Collaboration at NCTC and in prediction markets and forecasting tournaments

I am reading Bridget Nolan’s 2013 UPenn thesis on workplace collaboration at the NCTC, and thinking about how that compares to workflow and collaboration in play-money prediction markets such as Almanis and Hypermind and AlphaCast, real-money markets such as PredictIt, and accuracy-score forecasting tournaments such as GJOpen.

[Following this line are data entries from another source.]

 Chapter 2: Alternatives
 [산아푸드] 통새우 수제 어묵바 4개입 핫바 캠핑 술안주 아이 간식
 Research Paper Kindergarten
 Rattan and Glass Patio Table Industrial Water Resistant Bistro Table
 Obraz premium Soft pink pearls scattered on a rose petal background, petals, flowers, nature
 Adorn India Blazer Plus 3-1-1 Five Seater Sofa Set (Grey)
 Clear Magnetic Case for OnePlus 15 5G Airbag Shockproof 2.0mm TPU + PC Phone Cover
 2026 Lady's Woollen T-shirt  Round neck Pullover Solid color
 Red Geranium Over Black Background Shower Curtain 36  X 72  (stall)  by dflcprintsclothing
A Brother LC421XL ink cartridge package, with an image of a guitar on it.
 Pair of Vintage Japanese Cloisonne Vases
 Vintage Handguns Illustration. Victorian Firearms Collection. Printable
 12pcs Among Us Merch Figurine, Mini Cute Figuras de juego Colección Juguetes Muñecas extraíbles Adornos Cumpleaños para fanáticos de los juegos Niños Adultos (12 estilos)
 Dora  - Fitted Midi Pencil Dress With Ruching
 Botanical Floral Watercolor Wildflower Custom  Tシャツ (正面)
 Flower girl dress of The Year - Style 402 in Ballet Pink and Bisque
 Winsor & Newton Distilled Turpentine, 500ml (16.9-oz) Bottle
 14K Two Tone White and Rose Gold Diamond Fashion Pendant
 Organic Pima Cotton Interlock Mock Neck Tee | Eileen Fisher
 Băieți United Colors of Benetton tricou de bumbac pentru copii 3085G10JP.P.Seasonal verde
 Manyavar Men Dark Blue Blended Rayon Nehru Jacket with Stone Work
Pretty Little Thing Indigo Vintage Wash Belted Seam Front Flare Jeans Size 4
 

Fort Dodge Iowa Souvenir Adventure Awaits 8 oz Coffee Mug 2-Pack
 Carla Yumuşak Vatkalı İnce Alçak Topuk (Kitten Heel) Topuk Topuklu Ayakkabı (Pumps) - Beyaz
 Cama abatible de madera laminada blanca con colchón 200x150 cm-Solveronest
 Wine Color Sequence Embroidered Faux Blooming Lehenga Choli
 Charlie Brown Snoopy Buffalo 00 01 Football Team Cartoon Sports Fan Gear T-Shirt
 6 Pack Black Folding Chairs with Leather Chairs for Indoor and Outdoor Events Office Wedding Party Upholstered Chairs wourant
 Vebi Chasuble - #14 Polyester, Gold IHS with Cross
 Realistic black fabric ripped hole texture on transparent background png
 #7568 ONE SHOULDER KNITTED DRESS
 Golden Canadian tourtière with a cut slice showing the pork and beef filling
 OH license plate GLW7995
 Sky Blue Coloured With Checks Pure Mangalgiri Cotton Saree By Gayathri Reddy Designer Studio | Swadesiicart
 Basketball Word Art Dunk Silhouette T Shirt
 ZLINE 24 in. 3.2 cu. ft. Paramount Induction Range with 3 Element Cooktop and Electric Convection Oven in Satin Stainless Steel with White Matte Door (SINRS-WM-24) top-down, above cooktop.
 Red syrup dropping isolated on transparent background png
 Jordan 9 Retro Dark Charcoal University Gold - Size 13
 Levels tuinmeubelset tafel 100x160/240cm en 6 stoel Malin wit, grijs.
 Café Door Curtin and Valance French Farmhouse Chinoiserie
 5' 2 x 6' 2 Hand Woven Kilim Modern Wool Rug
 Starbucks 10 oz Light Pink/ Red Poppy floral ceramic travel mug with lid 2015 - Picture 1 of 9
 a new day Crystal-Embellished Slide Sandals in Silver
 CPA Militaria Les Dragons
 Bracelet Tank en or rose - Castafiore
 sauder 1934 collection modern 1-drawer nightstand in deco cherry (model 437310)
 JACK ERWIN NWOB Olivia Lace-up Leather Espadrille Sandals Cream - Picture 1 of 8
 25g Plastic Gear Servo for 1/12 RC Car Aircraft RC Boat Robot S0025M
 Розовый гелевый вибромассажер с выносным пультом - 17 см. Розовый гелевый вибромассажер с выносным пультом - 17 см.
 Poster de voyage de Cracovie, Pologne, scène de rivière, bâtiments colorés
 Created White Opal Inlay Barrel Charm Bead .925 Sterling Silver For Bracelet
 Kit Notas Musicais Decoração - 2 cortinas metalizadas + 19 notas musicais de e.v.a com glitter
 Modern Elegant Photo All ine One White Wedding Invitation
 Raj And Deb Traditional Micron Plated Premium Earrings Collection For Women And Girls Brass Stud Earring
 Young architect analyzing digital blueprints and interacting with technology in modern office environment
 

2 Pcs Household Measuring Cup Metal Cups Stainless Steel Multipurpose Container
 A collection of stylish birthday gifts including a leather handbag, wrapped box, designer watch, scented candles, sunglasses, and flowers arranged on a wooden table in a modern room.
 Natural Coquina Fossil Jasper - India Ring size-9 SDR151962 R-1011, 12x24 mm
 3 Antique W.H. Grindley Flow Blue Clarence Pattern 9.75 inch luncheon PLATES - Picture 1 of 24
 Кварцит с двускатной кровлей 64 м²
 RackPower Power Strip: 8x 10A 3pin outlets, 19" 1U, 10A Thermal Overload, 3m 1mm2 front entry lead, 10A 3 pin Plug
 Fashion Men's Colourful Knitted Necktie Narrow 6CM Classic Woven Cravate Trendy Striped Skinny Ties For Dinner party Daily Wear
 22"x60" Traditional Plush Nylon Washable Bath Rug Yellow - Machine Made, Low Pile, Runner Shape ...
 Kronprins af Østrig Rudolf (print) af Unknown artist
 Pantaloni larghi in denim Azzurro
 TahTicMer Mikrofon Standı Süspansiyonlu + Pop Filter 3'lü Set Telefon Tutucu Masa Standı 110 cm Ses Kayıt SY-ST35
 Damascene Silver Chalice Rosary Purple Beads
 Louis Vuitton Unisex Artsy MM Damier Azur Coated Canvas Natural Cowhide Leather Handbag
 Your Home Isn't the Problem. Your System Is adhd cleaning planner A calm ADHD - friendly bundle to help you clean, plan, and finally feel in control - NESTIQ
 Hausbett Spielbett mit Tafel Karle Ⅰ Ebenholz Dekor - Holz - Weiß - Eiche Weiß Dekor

The workflow at NCTC is described as follows:

  • Tasking. Analysts receive Taskings
  • Research. Analysts write, as quickly as possible, a, usually short, analysis related to the tasking. This could be either a forecast or an interpretation of a past event, but most likely a forecast.
  • Coordination. Analyst coordinates by sharing the analysis with all other analysts with a stake in the topic.  Analysts are indexed by region and functional area and home agency, so multiple analysts could have a stake in a topic.
    • Analysts must converge on a commonly acceptable text with coordinating analysts.
    • Analysts can game the coordination phase by
      • Limiting the review period to short or 0 (“Flash”) time periods
      • By inventing an exclusive “compartment” that coordinating analysts don’t have access to, and stealing the analysis by placing it in the compartment
  • Review. Once coordination converges, the analysis must then be approved and re-edited by all the hierarchical superiors of each participating analyst.  The claim is that there are 14 layers of management, which seems unlikely, but you never know. The Government pay grades go from GS-1 (the lowest) to GS-15, so maybe analysts come in at GS-1 and they have people at every pay grade.  GS-1 is $18,343 per year however, which implies that there are a lot of analysts subsisting well below the poverty level for the DC Metro Area, which also seems unlikely, but, again, you never know.
  • Publishing.  The analysis is delivered to the original client of the tasking.
  • Compensation.
    • Client Feedback. Some analysts are notified if the client likes or reads the product.
    • Performance Review.  Analysts are compensated by the number of pieces they are involved in that get published.
    • Work Time Away.  Time spent on foreign field visits, training and interagency meetings is not considered for performance and is effectively a form of compensation for writing analysis pieces.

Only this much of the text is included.